In fact, in the past when such bad agreements have been exposed, some have argued that although the terms of investment might be unfavourable to Ghanaians, the need to protect our image as a friendly investment destination in Africa and the alternative of no investments should tamper our critique of such one-sided agreements.
Although the above binary is false, the later seems to have underpinned years of unfair investment practices, provided cover for some corrupt officials and perpetuated stale colonial-era narratives that have sought economic dominance and subjugation of indigenous investment initiatives.
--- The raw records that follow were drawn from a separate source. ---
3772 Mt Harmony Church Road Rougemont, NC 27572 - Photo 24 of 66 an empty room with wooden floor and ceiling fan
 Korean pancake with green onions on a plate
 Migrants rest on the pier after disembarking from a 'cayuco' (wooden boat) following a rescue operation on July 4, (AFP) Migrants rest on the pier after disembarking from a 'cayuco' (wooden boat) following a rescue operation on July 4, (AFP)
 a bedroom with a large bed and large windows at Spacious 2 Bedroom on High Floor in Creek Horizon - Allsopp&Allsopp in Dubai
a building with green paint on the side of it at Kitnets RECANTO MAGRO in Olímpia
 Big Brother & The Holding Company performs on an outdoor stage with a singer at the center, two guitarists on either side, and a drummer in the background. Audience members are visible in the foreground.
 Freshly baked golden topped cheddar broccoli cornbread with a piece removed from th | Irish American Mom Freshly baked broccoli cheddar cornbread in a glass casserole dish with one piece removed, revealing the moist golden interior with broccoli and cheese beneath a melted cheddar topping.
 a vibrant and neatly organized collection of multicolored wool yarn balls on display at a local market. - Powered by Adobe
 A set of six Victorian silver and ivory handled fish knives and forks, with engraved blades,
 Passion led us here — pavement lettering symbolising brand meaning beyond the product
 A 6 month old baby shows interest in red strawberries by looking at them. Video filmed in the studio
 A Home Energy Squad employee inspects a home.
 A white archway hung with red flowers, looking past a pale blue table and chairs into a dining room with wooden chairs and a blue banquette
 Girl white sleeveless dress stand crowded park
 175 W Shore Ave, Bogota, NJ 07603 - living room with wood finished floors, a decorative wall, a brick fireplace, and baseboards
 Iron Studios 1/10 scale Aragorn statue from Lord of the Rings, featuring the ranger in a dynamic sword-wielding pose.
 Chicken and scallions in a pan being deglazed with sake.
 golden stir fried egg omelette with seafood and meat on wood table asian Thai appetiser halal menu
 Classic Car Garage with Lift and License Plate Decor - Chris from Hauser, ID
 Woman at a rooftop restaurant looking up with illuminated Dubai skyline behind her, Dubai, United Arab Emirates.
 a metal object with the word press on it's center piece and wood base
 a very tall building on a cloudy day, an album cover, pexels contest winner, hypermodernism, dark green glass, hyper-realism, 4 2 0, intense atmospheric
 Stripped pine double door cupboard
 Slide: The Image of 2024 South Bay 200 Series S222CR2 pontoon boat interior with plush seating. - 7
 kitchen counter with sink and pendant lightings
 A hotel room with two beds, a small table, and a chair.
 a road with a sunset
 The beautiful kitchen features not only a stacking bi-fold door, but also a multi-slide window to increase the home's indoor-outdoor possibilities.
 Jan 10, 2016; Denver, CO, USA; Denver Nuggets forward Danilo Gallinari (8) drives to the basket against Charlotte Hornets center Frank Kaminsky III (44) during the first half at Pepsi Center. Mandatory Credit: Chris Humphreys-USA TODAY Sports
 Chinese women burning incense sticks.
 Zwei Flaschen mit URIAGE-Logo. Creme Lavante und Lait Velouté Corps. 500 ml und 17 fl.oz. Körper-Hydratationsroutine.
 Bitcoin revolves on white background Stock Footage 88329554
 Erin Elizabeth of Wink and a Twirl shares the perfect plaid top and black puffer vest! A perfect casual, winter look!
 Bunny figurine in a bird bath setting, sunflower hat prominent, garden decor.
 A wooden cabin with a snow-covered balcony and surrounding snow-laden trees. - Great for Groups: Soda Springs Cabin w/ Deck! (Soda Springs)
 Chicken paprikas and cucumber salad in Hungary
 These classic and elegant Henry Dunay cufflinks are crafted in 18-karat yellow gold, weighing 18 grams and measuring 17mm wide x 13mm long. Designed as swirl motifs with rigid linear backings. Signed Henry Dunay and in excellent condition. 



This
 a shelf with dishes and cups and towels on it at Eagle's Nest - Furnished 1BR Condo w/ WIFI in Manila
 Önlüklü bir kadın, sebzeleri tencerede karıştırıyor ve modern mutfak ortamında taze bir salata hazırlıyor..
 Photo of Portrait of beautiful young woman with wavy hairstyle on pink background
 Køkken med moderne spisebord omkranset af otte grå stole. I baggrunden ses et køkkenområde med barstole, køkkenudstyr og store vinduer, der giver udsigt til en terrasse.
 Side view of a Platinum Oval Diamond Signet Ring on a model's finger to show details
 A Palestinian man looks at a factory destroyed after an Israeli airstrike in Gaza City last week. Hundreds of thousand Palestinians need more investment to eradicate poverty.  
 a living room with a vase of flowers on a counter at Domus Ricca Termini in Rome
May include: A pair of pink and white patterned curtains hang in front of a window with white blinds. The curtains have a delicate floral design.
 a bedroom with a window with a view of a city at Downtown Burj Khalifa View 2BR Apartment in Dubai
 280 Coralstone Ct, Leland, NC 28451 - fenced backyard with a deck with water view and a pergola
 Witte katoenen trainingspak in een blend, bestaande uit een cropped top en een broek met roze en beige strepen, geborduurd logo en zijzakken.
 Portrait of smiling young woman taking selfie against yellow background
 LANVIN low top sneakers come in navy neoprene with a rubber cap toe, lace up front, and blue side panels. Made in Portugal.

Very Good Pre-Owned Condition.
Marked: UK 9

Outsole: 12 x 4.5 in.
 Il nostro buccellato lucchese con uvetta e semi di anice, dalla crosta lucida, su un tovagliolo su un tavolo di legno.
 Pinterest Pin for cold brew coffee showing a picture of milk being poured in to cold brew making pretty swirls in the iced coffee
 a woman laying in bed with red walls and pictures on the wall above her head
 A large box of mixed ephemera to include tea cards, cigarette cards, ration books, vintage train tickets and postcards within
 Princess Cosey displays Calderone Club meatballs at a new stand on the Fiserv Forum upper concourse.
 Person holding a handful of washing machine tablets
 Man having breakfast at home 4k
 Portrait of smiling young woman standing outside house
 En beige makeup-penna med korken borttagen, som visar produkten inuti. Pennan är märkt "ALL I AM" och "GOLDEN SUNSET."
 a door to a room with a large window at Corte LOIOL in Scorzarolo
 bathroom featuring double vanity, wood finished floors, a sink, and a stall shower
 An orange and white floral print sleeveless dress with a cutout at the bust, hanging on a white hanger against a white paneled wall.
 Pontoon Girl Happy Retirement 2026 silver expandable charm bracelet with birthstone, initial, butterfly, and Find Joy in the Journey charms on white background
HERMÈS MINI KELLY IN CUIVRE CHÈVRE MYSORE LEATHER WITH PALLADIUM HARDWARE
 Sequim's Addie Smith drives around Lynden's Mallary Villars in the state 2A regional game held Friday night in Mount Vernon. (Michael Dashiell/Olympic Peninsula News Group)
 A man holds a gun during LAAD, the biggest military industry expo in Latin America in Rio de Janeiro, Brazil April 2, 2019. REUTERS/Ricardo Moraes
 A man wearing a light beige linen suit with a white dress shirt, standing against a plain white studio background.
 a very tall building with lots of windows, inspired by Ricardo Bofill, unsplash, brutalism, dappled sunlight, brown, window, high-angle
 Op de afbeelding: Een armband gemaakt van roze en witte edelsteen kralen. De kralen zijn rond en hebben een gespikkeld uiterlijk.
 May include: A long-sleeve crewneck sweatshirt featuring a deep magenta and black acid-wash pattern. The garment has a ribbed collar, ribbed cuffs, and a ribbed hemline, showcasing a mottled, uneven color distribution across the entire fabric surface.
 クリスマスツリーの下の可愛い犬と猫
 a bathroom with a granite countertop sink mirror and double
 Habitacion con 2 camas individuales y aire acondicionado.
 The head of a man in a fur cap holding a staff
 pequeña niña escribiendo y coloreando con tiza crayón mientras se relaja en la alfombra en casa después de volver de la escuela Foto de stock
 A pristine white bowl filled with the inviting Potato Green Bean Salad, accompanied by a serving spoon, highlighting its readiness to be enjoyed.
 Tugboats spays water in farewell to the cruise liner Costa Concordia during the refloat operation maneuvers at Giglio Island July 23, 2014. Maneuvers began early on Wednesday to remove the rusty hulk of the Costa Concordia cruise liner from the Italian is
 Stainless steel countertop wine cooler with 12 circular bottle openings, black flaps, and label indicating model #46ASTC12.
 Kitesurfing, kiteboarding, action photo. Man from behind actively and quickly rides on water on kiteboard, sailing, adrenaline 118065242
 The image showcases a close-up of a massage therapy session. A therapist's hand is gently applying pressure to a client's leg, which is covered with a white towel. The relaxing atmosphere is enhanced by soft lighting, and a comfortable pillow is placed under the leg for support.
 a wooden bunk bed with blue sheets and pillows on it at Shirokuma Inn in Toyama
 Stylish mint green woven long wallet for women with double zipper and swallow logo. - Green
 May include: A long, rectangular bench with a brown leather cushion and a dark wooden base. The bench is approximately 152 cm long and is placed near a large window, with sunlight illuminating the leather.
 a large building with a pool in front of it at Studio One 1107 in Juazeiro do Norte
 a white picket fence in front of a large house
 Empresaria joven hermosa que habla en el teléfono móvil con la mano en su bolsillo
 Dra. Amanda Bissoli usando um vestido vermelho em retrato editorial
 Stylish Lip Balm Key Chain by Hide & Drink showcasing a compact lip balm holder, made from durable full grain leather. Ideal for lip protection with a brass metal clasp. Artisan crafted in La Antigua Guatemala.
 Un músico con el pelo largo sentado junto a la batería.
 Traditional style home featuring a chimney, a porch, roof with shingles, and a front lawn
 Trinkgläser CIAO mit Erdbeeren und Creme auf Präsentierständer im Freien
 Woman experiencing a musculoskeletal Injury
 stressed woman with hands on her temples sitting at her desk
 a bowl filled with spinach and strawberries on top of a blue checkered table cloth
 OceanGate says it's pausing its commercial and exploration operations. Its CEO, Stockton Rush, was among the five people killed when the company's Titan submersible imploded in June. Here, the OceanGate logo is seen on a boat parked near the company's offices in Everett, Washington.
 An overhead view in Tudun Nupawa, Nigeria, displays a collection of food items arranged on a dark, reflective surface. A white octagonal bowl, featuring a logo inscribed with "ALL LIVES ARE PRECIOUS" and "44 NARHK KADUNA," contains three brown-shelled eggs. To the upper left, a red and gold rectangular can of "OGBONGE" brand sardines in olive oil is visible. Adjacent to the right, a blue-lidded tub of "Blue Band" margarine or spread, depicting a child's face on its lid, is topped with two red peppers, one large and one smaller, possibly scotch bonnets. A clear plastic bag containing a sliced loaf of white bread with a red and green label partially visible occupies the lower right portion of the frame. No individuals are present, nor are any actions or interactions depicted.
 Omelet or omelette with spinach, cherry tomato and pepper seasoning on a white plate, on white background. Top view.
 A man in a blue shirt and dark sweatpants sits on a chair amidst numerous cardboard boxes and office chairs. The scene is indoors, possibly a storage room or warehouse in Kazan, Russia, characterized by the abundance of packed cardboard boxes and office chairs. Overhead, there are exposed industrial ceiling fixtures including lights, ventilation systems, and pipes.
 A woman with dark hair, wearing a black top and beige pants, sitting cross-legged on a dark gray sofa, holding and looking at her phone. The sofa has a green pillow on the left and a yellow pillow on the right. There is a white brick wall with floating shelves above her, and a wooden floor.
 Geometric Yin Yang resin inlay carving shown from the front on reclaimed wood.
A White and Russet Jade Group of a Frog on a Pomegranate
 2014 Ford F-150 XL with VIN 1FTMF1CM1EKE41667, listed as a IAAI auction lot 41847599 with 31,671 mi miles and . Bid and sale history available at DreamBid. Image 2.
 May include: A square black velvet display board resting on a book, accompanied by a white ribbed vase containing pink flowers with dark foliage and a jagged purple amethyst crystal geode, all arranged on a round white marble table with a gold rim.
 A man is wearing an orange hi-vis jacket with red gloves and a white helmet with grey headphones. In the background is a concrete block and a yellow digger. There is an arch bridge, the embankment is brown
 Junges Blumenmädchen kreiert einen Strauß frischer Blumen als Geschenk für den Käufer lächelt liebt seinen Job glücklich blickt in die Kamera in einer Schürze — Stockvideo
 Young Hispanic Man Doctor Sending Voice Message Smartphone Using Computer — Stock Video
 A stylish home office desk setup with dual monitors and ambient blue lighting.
The Danquah Institute (DI) is, therefore, calling for a better understanding of our strengths, appreciation of our resources as a nation and an open and transparent approach to investment and negotiation practices.
This will help us negotiate balanced, fair and economically beneficial agreements that improve the lives of all Ghanaians.
It is against this backdrop that all the parties to the MPS3 agreement should sit and re-examine the terms of the contract to ensure it is fair and economically beneficial to all the parties involved.
In the event that the parties involved are unable to agree new terms within 60 days, the Danquah Institute will take legal action in the public interest. Nobody should underestimate our resolve to see this contract renegotiated.